What is expected -
Beginning with the line where "澎湖｜西嶼外垵讚元宵，創意水火舞燈光秀花火碼頭施放" appears, restate each line word for word until the data ends. Pictures do not go in.
[Source material Boundary: Start]
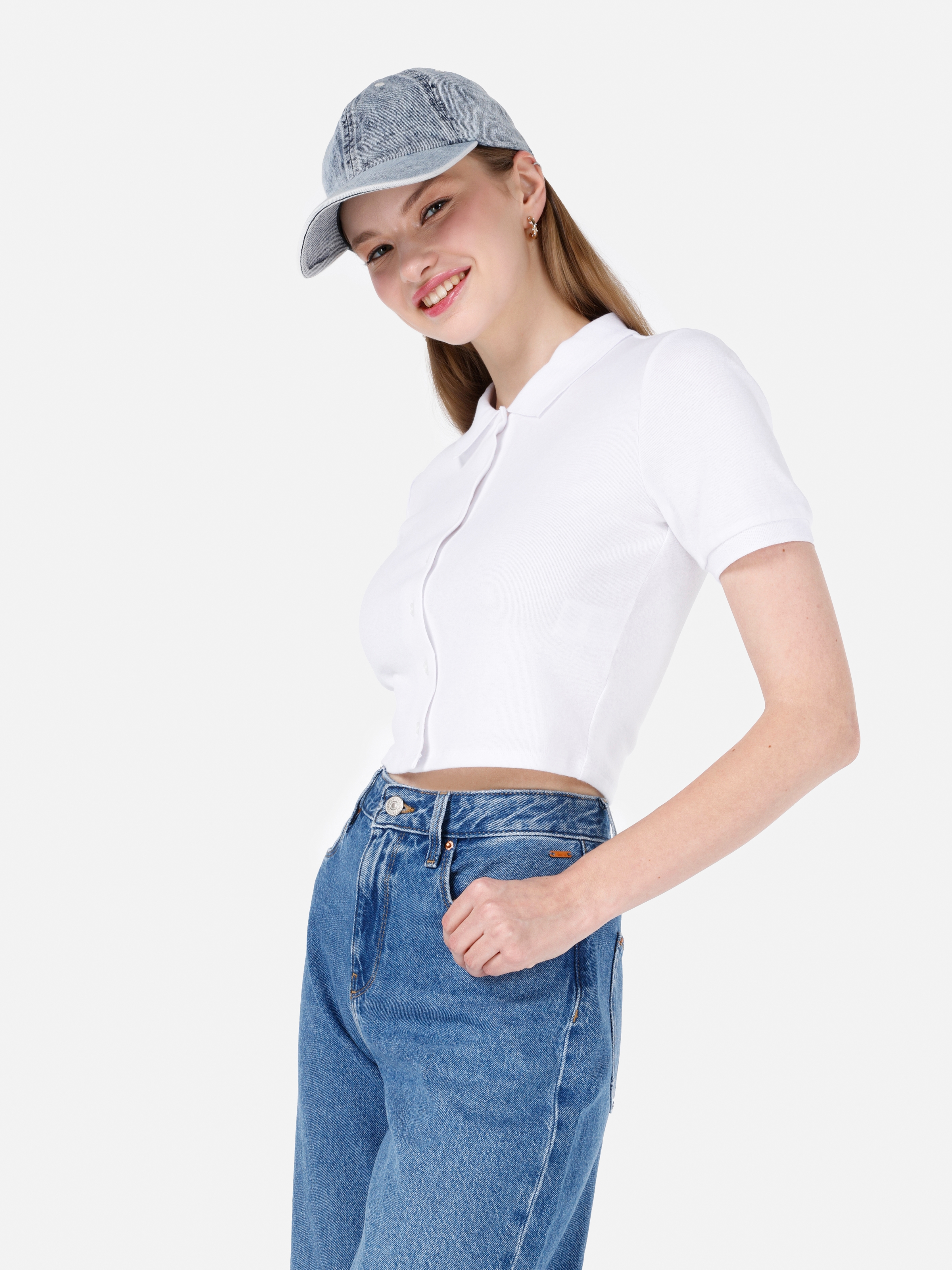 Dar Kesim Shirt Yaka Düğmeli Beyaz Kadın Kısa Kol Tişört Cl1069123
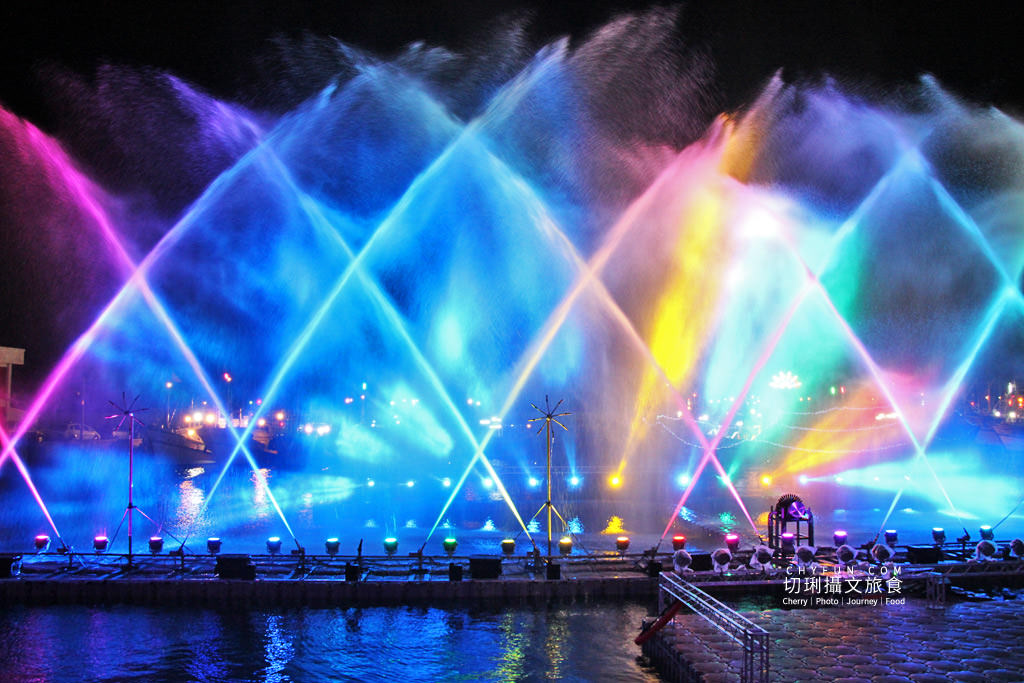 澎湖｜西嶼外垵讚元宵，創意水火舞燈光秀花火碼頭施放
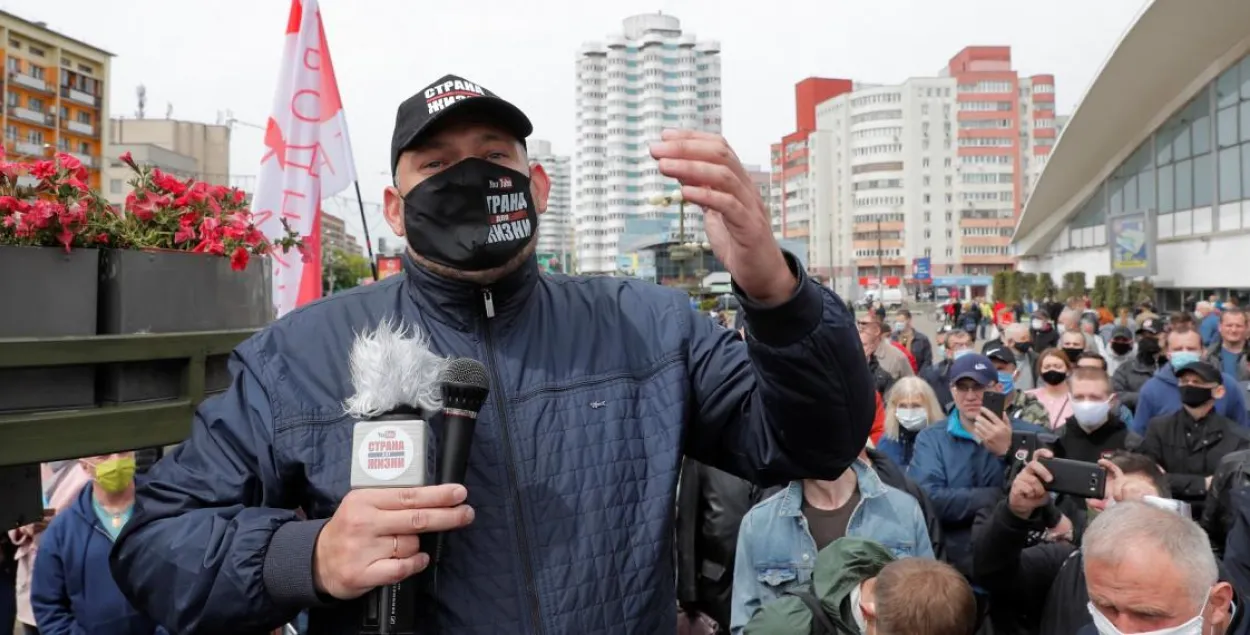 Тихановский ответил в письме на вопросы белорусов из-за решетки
[Source material Boundary: End]
Answer section -
 澎湖｜西嶼外垵讚元宵，創意水火舞燈光秀花火碼頭施放
 Тихановский ответил в письме на вопросы белорусов из-за решетки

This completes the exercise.